Put on Holiness

When I was a kid, we always looked forward to the night our family went back-to-school shopping. It was usually a Friday night, after Dad got home from work. We would pile into the club cab of the pickup truck and go to the mall, which was about 30 miles away. Sometimes we’d all stay together, but by the time I was in junior high, there were five of us kids; so eventually we split up, usually guys and girls. We were looking for school supplies (a new Trapper Keeper!) and school clothes.

Our new school clothes were usually jeans and shirts we weren’t allowed to wear for outdoor work or play. If I had to mow the lawn or split wood, Mom made sure that I didn’t wear my good jeans. It’s not like Mom wanted us to dress up for school; she just wanted us to look presentable when we left the house and she wanted the new clothes to last as long as possible.

New clothes have a way of changing the way we think and act. When you’re trying to keep your new clothes in good shape, you think more carefully about what you do, which might lead you to change clothes. New clothes helped us think about a new school year and hopefully helped us to stay in the right mindset for school and to behave appropriately while in school.

Perhaps this perspective of new clothes can help us to understand the new life we have through our faith in Jesus. Paul even uses the language of putting on new clothes when he tells the early church to put on holiness with their faith in Jesus. He wrote in Ephesians 4:22-25:

You were taught, with regard to your former way of life, to put off your old self, which is being corrupted by its deceitful desires; to be made new in the attitude of your minds; and to put on the new self, created to be like God in true righteousness and holiness. Therefore each of you must put off falsehood and speak truthfully to his neighbor, for we are all members of one body. (NIV 1984)

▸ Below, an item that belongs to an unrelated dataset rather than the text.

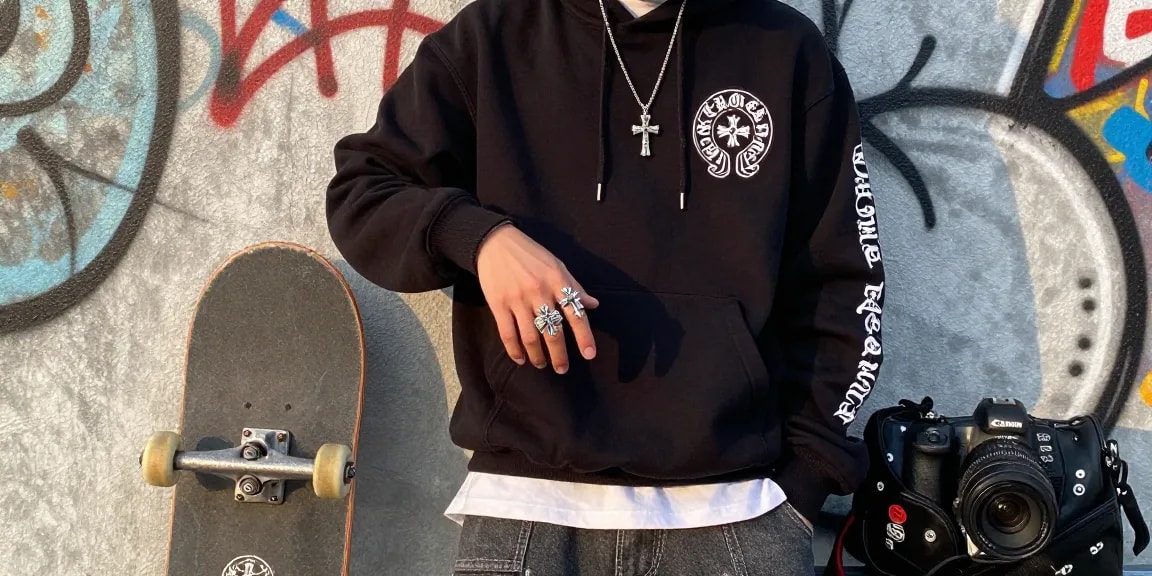 Stylish individual showcasing Chrome Hearts hoodie and accessories against urban graffiti backdrop.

Here Paul shows how the change of life we experience when we put our faith in Jesus leads us to change the way we think and behave. He says that it’s a matter of putting off the “old self” and putting on the “new self,” like putting on new clothes for a new school year. In fact, Paul told the early church in Romans 13:14, “Clothe yourselves with the Lord Jesus Christ” (NIV 1984). As we put our faith in Jesus, Paul says, we are putting on Christ himself, and in order to do that, we must take off the old self and put on the new self.

We take off the old, sinful self and we put on the new self, made to be like Christ, made to be holy as God makes us holy. It’s interesting how Paul describes the “former way of life” in Ephesians 4:22, that it was corrupted or spoiled. Even if our old lives seemed to be good enough as we lived them, they were spoiled, like when we had brand new white sneakers (back when white sneakers were the “in” thing) and we dreaded the day when we would get a scuff or a smudge on them – I had a friend who always wanted to be the first person to scuff someone’s new sneakers. After you got the first scuff on your sneakers or the first stain on your shirt, the pressure was off; you could still wear them, but they were spoiled; they were no longer the “new clothes.” After that you didn’t have to think about keeping them clean. It was a change of attitude.

That’s what Paul tells us we experience when we put on Christ, when we put on holiness with the new self. In Ephesians 4:23, he says we are “made new in the attitude” of our minds when we put on the new self. Just as getting that first smudge on the new sneakers changed our attitude toward them, putting on the new self is meant to change our attitudes toward God, toward sin, toward other people.

The difference between putting on holiness and putting on new school clothes is that God expects the change to last. Paul says in Ephesians 4:24 that this new self in Christ means we are “created to be like God in true righteousness and holiness.” As we have put on Christ, let’s make sure that the change lasts and trust God to make us more like him, not just putting on a new outfit that we can spoil but becoming a whole new self, one that looks like Jesus.